Merida is a beautiful Spanish colonial city in Yucatan state that's famous for its historic center and the French-influenced Paseo Montejo boulevard lined with impressive mansions. A couple blocks off that boulevard is a luxury boutique hotel for those who have had enough of haciendas and colonial furniture: Diez Diez Collection.
While most of Merida's hotels take their cues from the past, Diez Diez is rooted firmly in the 21st century. Sure, there are a few nods to the local location in the selection of Merida tiles and the Jorge Marín sculpture in the courtyard fountain, but this hotel would not be out of place in Mexico City, New York, or Madrid.
With only eight rooms spread over two floors, this is not a property that can support a wealth of offerings, but it does well in what you have at your fingertips: a pool, roof bar, and restaurant serving all three meals. Since it's in a walkable neighborhood with plenty of other options around, this is one of the most convenient hotels in Merida for those without a car. The main plaza in the historic center is about 15 minutes away on foot or a few minutes in a taxi.
I was staying in one of the small studio rooms with a queen bed and less than 200 square feet, pictured here. The high ceilings and natural light from the top (which can be blocked with an electronic curtain) certainly help make it feel more spacious, but it's a tight squeeze for a couple. Thankfully, the other rooms are larger and offer more space for lounging. You can see photos of each on the website.
The deluxe room adds and armchair and has a king bed and double sinks. The regular suite adds a bit more room and a larger desk area. The rooms of choice though are the top two options: the Gonzales Lugo Suite and the Mercedes-Benz Suite. They're definitely worth the upgrade if available. The former has a sofa, while the latter is a tricked-out suite with its own private roof deck with a whirlpool.

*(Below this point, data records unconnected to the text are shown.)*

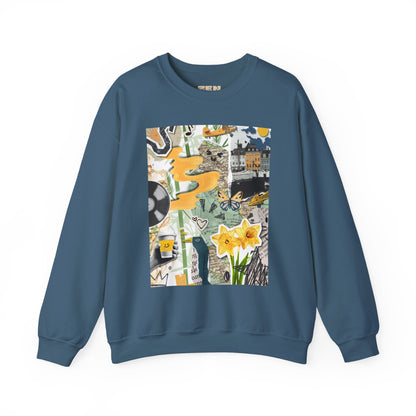Vibrant Art Sweatshirt for Creatives, Cozy Fall Layering, Gift for Artists, Unique Graphic Pullovers, Casual Everyday Wear, Abstract, Vintage, Collage, Crewneck, Cool Hoodies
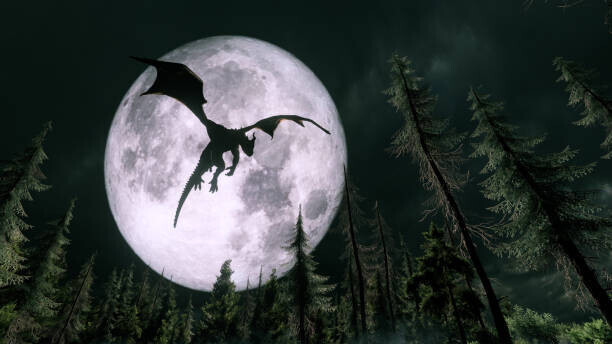cokada Plakát, Obraz - Dragon flying in the night, cokada, 40 × 22.2 cm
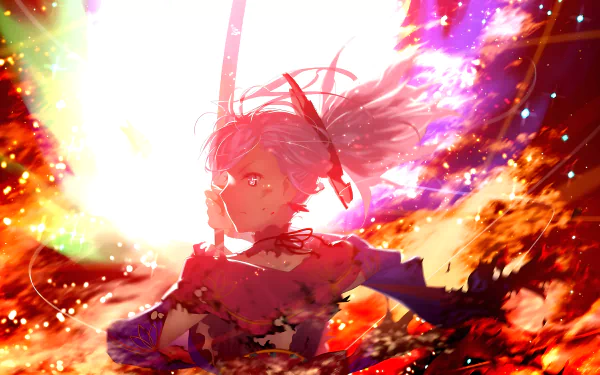 Vibrant 4K Ultra HD PC wallpaper featuring Miyamoto Musashi from Fate/Grand Order, showcasing dynamic anime art with fiery, colorful light effects.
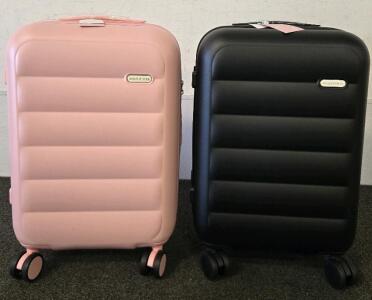 (2) Piece Snail White Luggage Set 39.5x23.5x57.5cm Pink And Black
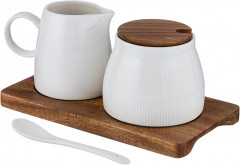 Набор из сахарницы с ложкой и молочника на подставке - Фото 1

As you go up the scale, the rooms get more "clubby," with lots of leather, dark wood, black marble tile, and a mounted deer head trophy or vintage car drawing over the bed.
All of the rooms have nice showers, but they also all have a free-standing black soaking tub. These layouts at Diez Diez Collection are not for the shy though: the only thing separating the bathroom areas is glass, at most—sometimes the tub is right in the room. The sleeping quarters are packed with amenities though: Nespresso coffee makers, drinking water in non-plastic bottles, small safes, refrigerators, Wi-Fi, large TVs, and Scabal robes in open closets. Interesting light fixtures include adjustable reading lights on both side of the bed and ample outlets for recharging. Polished concrete walls join patterned black-and-white floor tiles and built-in wood furniture. Included bath toiletries by "Ritual of the Happy Buddha" in refillable bottles are limited to conditioner and a combo shampoo/shower gel.

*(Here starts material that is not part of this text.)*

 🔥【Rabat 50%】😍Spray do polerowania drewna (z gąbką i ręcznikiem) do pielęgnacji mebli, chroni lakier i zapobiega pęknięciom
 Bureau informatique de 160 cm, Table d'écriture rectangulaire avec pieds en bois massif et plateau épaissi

Rooms near the pool have their soundtrack chosen for them: 120 BPM dance music plays from the morning until closing time. That closing time is rather early though because of neighborhood noise regulations, so if you want a couple rooftop drinks, it's best to start before sunset and know you'll have a quiet sleep after. The DZ Bar closes at 10, but last call is at least an hour before that.

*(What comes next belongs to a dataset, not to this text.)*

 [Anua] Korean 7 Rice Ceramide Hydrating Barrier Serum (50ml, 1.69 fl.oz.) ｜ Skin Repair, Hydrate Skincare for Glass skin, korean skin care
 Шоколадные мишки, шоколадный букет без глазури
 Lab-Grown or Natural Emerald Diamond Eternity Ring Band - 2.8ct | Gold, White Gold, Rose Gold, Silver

The bar is an inviting place, especially when the sky turns orange at the end of the day. There's a creative selection of cocktails, local craft beers, and some well-chosen wines. A variety of lounge chairs and sitting areas are scattered around the roof deck, with umbrellas providing shade during the day, attractive lighting at coming on at night.
To the side of this roof lounge is the swimming pool. Most of it is taken up with a shallow area with partially submerged lounge chairs. The shaded deep end is a good place to cool off from the Merida heat though, facing a dramatic mural on the adjoining wall.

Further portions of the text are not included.